1. Not All Container Technologies are Docker
Docker is, by far, the most popular containerization solution, and lots of people already use the term Docker as a synonym for containers, though it is not. There are several different products for creating and managing containers, including Linux containers, Solaris, FreeBSD, and Microsoft is working with Docker to produce a container solution for Windows. But of all the other options, Docker is the most used, and numerous businesses are migrating their workloads off of virtual machines and into Docker containers.
2. Containers Aren’t Virtual Machines
Part of the reason for switching from virtual machines to containers, particularly Docker, is that containers are very lightweight. Containers take up significantly less memory and are far faster to launch. Virtual machines are fatter, and are locked into dedicated operating systems. But virtual machines are also generally considered to be more secure. While, in theory, Docker containers are pretty secure, it hasn’t yet been tested fully across huge enterprise environments in which thousands or hundreds of thousands of containers are in play, sharing servers. There very well could be some ways that malware could spread across an environment of Docker containers, for example.
3. Docker is Young but Not Unproven
The most rigorous testing of container technology has been done by Google, and they put considerable development effort into the project. Google Search is the largest example of Linux containers, which aren’t all that different from Docker containers. However, Google does put the containers of different customers into their own separate KVM virtual machines, due to the clearer boundaries among virtual machines. But Google Search operations belong 100% to containers. Around 7,000 new containers are launched each second, accounting for some 2 billion per week. Containers are actually part of the reason that Google searches return results so quickly.
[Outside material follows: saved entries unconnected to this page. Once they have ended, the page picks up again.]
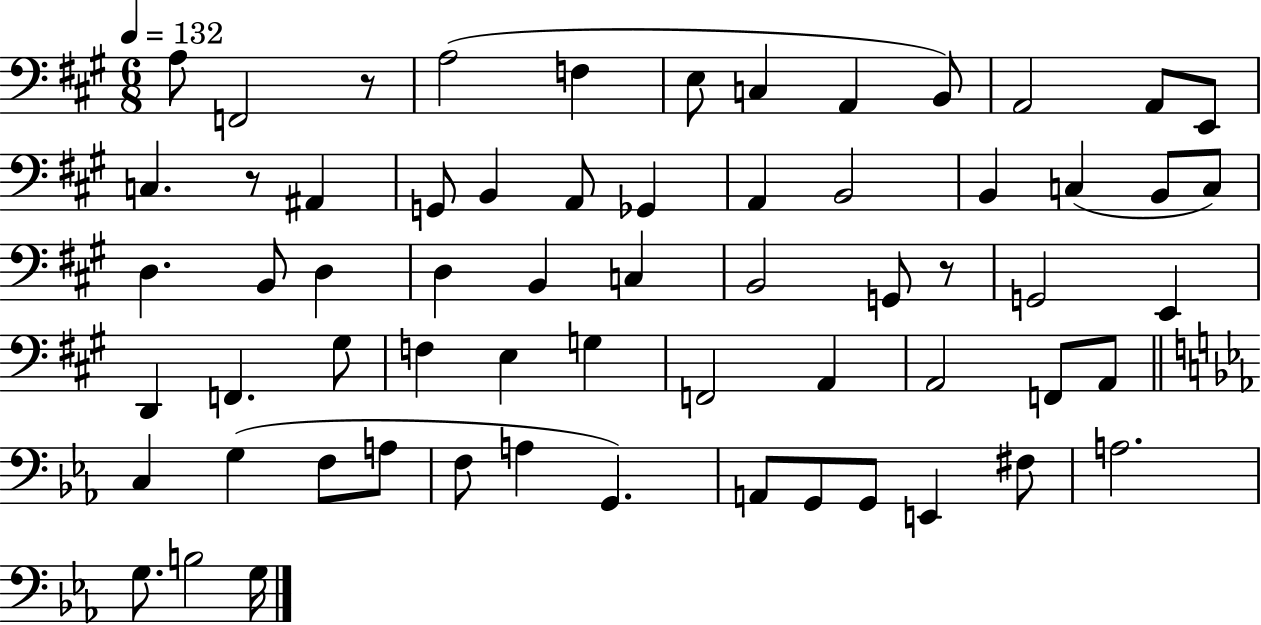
A3/e F2/h R/e A3/h F3/q E3/e C3/q A2/q B2/e A2/h A2/e E2/e C3/q. R/e A#2/q G2/e B2/q A2/e Gb2/q A2/q B2/h B2/q C3/q B2/e C3/e D3/q. B2/e D3/q D3/q B2/q C3/q B2/h G2/e R/e G2/h E2/q D2/q F2/q. G#3/e F3/q E3/q G3/q F2/h A2/q A2/h F2/e A2/e C3/q G3/q F3/e A3/e F3/e A3/q G2/q. A2/e G2/e G2/e E2/q F#3/e A3/h. G3/e. B3/h G3/s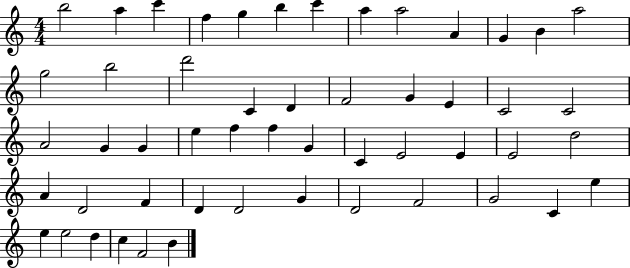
B5/h A5/q C6/q F5/q G5/q B5/q C6/q A5/q A5/h A4/q G4/q B4/q A5/h G5/h B5/h D6/h C4/q D4/q F4/h G4/q E4/q C4/h C4/h A4/h G4/q G4/q E5/q F5/q F5/q G4/q C4/q E4/h E4/q E4/h D5/h A4/q D4/h F4/q D4/q D4/h G4/q D4/h F4/h G4/h C4/q E5/q E5/q E5/h D5/q C5/q F4/h B4/q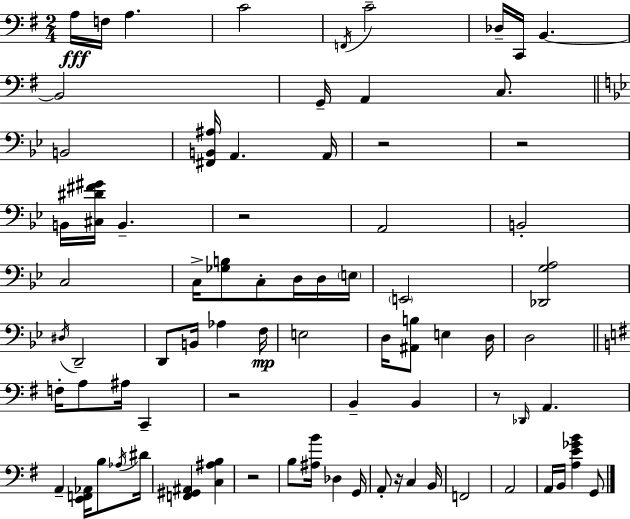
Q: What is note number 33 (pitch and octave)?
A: F3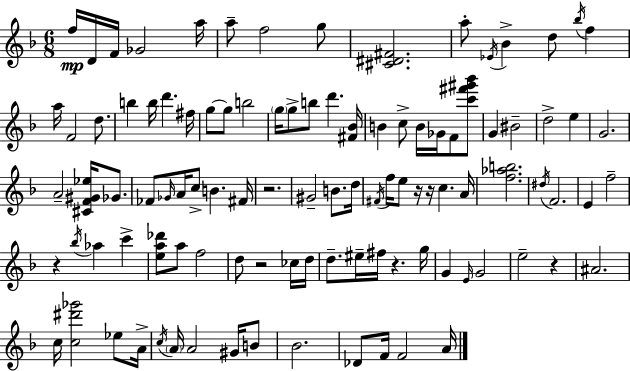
X:1
T:Untitled
M:6/8
L:1/4
K:Dm
f/4 D/4 F/4 _G2 a/4 a/2 f2 g/2 [^C^D^F]2 a/2 _E/4 _B d/2 _b/4 f a/4 F2 d/2 b b/4 d' ^f/4 g/2 g/2 b2 g/4 g/2 b/2 d' [^F_B]/4 B c/2 B/4 _G/4 F/2 [c'^f'^g'_b']/2 G ^B2 d2 e G2 A2 [^CF^G_e]/4 _G/2 _F/2 _G/4 A/4 c/2 B ^F/4 z2 ^G2 B/2 d/4 ^F/4 f/4 e/2 z/4 z/4 c A/4 [f_ab]2 ^d/4 F2 E f2 z _b/4 _a c' [ea_d']/2 a/2 f2 d/2 z2 _c/4 d/4 d/2 ^e/4 ^f/4 z g/4 G E/4 G2 e2 z ^A2 c/4 [c^d'_g']2 _e/2 A/4 c/4 A/4 A2 ^G/4 B/2 _B2 _D/2 F/4 F2 A/4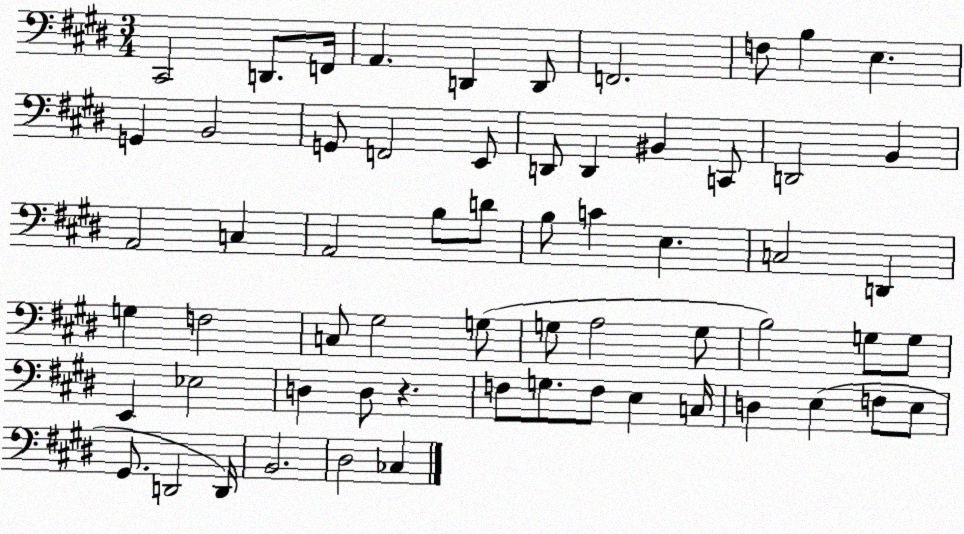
X:1
T:Untitled
M:3/4
L:1/4
K:E
^C,,2 D,,/2 F,,/4 A,, D,, D,,/2 F,,2 F,/2 B, E, G,, B,,2 G,,/2 F,,2 E,,/2 D,,/2 D,, ^B,, C,,/2 D,,2 B,, A,,2 C, A,,2 B,/2 D/2 B,/2 C E, C,2 D,, G, F,2 C,/2 ^G,2 G,/2 G,/2 A,2 G,/2 B,2 G,/2 G,/2 E,, _E,2 D, D,/2 z F,/2 G,/2 F,/2 E, C,/4 D, E, F,/2 E,/2 ^G,,/2 D,,2 D,,/4 B,,2 ^D,2 _C,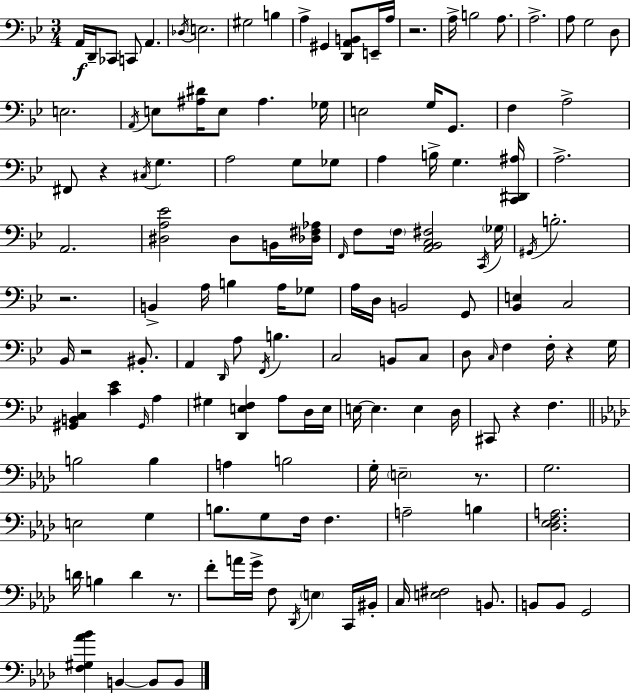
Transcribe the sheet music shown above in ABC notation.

X:1
T:Untitled
M:3/4
L:1/4
K:Bb
A,,/4 D,,/4 _C,,/2 C,,/2 A,, _D,/4 E,2 ^G,2 B, A, ^G,, [D,,A,,B,,]/2 E,,/4 A,/4 z2 A,/4 B,2 A,/2 A,2 A,/2 G,2 D,/2 E,2 A,,/4 E,/2 [^A,^D]/4 E,/2 ^A, _G,/4 E,2 G,/4 G,,/2 F, A,2 ^F,,/2 z ^C,/4 G, A,2 G,/2 _G,/2 A, B,/4 G, [C,,^D,,^A,]/4 A,2 A,,2 [^D,A,_E]2 ^D,/2 B,,/4 [_D,^F,_A,]/4 F,,/4 F,/2 F,/4 [A,,_B,,C,^F,]2 C,,/4 _G,/4 ^G,,/4 B,2 z2 B,, A,/4 B, A,/4 _G,/2 A,/4 D,/4 B,,2 G,,/2 [_B,,E,] C,2 _B,,/4 z2 ^B,,/2 A,, D,,/4 A,/2 F,,/4 B, C,2 B,,/2 C,/2 D,/2 C,/4 F, F,/4 z G,/4 [^G,,B,,C,] [C_E] ^G,,/4 A, ^G, [D,,E,F,] A,/2 D,/4 E,/4 E,/4 E, E, D,/4 ^C,,/2 z F, B,2 B, A, B,2 G,/4 E,2 z/2 G,2 E,2 G, B,/2 G,/2 F,/4 F, A,2 B, [_D,_E,F,A,]2 D/4 B, D z/2 F/2 A/4 G/4 F,/2 _D,,/4 E, C,,/4 ^B,,/4 C,/4 [E,^F,]2 B,,/2 B,,/2 B,,/2 G,,2 [F,^G,_A_B] B,, B,,/2 B,,/2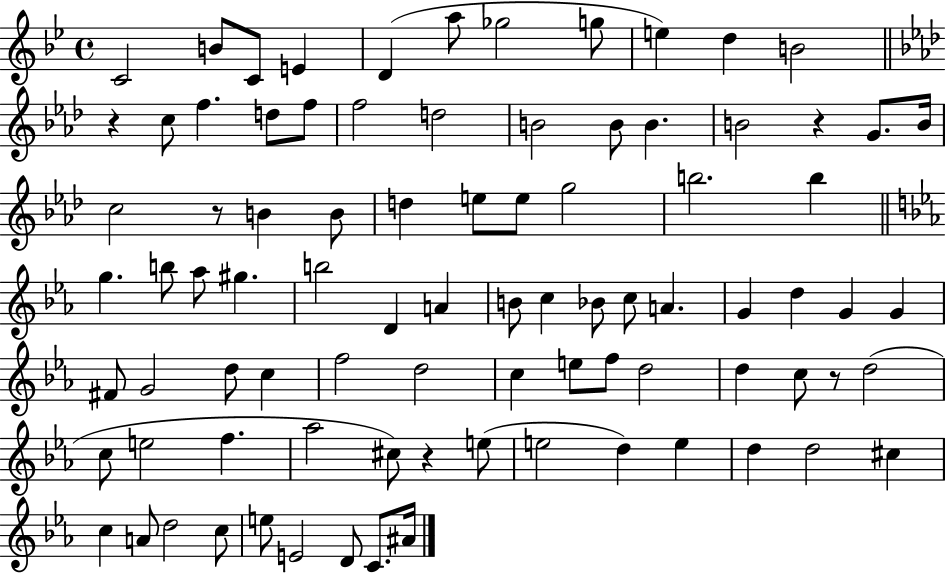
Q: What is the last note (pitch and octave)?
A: A#4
4. Docker Makes It Easier to Manage Lots of Applications
Docker containers are an excellent option for running production code, because as builds a workload, it arranges files in a certain order that reflects how those files will boot up. It sequences sections of the logic of an application in the order that it needs to be booted. Containers are built in layers, each of which can be accessed independently of the others. This means that you can change the code in one layer without affecting the others. Hence, making changes to code is safer, because it won’t affect the entire application. You can test and launch an application into production, and if a problem pops up, the application can be rolled back quickly, because the developers only made changes to a single layer.